#### Information supplied

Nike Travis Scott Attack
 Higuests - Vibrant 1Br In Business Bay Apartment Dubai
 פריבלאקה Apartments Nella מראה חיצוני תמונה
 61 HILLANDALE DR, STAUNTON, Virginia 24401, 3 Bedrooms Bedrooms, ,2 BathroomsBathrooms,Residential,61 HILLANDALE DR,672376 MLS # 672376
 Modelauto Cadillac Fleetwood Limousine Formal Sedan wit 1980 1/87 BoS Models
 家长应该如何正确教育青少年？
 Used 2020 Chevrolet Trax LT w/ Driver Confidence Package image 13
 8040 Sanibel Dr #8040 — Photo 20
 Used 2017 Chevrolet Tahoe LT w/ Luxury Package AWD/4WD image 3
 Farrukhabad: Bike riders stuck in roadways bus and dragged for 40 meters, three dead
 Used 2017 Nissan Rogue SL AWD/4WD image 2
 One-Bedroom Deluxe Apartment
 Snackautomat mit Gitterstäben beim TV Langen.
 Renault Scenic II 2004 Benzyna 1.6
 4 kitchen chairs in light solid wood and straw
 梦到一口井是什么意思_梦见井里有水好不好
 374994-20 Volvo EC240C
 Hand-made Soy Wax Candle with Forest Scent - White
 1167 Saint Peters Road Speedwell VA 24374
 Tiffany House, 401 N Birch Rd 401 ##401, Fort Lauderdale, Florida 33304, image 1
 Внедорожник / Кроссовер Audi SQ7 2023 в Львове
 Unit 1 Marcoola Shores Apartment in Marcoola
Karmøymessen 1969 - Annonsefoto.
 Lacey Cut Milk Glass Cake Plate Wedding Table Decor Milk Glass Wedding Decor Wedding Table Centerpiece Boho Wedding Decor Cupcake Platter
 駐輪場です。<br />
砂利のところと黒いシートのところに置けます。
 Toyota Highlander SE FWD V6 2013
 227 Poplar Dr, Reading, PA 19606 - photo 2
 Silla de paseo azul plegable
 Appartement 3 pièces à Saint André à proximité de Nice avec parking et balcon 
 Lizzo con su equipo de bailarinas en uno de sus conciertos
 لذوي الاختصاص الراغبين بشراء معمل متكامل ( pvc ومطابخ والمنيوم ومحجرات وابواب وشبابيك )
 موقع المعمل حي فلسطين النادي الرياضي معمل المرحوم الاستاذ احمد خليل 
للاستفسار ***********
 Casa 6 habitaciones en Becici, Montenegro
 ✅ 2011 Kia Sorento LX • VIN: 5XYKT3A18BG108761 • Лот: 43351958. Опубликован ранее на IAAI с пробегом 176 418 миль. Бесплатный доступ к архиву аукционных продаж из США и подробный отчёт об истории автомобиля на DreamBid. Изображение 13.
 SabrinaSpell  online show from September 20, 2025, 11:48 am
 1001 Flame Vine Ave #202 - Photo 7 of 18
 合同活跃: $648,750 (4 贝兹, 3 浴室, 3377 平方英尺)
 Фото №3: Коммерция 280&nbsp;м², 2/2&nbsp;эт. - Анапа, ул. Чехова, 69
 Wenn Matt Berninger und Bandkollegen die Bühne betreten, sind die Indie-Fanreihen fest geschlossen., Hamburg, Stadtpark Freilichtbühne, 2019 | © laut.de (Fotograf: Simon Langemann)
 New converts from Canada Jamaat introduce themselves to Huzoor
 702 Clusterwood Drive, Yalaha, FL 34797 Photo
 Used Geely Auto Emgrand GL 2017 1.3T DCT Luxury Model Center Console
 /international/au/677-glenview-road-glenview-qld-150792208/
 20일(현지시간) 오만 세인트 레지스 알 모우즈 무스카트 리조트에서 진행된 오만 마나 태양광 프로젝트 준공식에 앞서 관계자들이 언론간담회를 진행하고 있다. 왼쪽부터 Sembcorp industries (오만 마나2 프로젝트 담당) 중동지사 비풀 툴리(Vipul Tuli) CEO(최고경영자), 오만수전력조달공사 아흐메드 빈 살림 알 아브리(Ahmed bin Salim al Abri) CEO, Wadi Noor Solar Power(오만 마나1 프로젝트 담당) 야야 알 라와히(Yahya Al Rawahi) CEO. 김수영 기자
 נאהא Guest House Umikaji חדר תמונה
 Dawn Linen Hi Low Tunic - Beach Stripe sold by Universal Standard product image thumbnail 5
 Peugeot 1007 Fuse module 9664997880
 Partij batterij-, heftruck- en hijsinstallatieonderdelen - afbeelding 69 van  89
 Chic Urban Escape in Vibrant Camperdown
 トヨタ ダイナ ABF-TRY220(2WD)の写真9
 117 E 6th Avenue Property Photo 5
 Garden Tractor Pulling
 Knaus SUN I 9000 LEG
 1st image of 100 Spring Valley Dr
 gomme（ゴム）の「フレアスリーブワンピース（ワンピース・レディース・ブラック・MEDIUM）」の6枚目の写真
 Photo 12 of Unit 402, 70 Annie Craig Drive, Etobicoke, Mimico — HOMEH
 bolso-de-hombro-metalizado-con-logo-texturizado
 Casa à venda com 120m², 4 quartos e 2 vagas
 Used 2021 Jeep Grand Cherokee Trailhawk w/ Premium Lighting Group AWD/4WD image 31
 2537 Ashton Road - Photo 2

########

## Directions
Using the entries above, give back exactly the line containing "Unit 1 Marcoola Shores Apartment in Marcoola", the line containing "Peugeot 1007 Fuse module 9664997880", and every line between them, and nothing else.

## Solution below
 Unit 1 Marcoola Shores Apartment in Marcoola
Karmøymessen 1969 - Annonsefoto.
 Lacey Cut Milk Glass Cake Plate Wedding Table Decor Milk Glass Wedding Decor Wedding Table Centerpiece Boho Wedding Decor Cupcake Platter
 駐輪場です。<br />
砂利のところと黒いシートのところに置けます。
 Toyota Highlander SE FWD V6 2013
 227 Poplar Dr, Reading, PA 19606 - photo 2
 Silla de paseo azul plegable
 Appartement 3 pièces à Saint André à proximité de Nice avec parking et balcon 
 Lizzo con su equipo de bailarinas en uno de sus conciertos
 لذوي الاختصاص الراغبين بشراء معمل متكامل ( pvc ومطابخ والمنيوم ومحجرات وابواب وشبابيك )
 موقع المعمل حي فلسطين النادي الرياضي معمل المرحوم الاستاذ احمد خليل 
للاستفسار ***********
 Casa 6 habitaciones en Becici, Montenegro
 ✅ 2011 Kia Sorento LX • VIN: 5XYKT3A18BG108761 • Лот: 43351958. Опубликован ранее на IAAI с пробегом 176 418 миль. Бесплатный доступ к архиву аукционных продаж из США и подробный отчёт об истории автомобиля на DreamBid. Изображение 13.
 SabrinaSpell  online show from September 20, 2025, 11:48 am
 1001 Flame Vine Ave #202 - Photo 7 of 18
 合同活跃: $648,750 (4 贝兹, 3 浴室, 3377 平方英尺)
 Фото №3: Коммерция 280&nbsp;м², 2/2&nbsp;эт. - Анапа, ул. Чехова, 69
 Wenn Matt Berninger und Bandkollegen die Bühne betreten, sind die Indie-Fanreihen fest geschlossen., Hamburg, Stadtpark Freilichtbühne, 2019 | © laut.de (Fotograf: Simon Langemann)
 New converts from Canada Jamaat introduce themselves to Huzoor
 702 Clusterwood Drive, Yalaha, FL 34797 Photo
 Used Geely Auto Emgrand GL 2017 1.3T DCT Luxury Model Center Console
 /international/au/677-glenview-road-glenview-qld-150792208/
 20일(현지시간) 오만 세인트 레지스 알 모우즈 무스카트 리조트에서 진행된 오만 마나 태양광 프로젝트 준공식에 앞서 관계자들이 언론간담회를 진행하고 있다. 왼쪽부터 Sembcorp industries (오만 마나2 프로젝트 담당) 중동지사 비풀 툴리(Vipul Tuli) CEO(최고경영자), 오만수전력조달공사 아흐메드 빈 살림 알 아브리(Ahmed bin Salim al Abri) CEO, Wadi Noor Solar Power(오만 마나1 프로젝트 담당) 야야 알 라와히(Yahya Al Rawahi) CEO. 김수영 기자
 נאהא Guest House Umikaji חדר תמונה
 Dawn Linen Hi Low Tunic - Beach Stripe sold by Universal Standard product image thumbnail 5
 Peugeot 1007 Fuse module 9664997880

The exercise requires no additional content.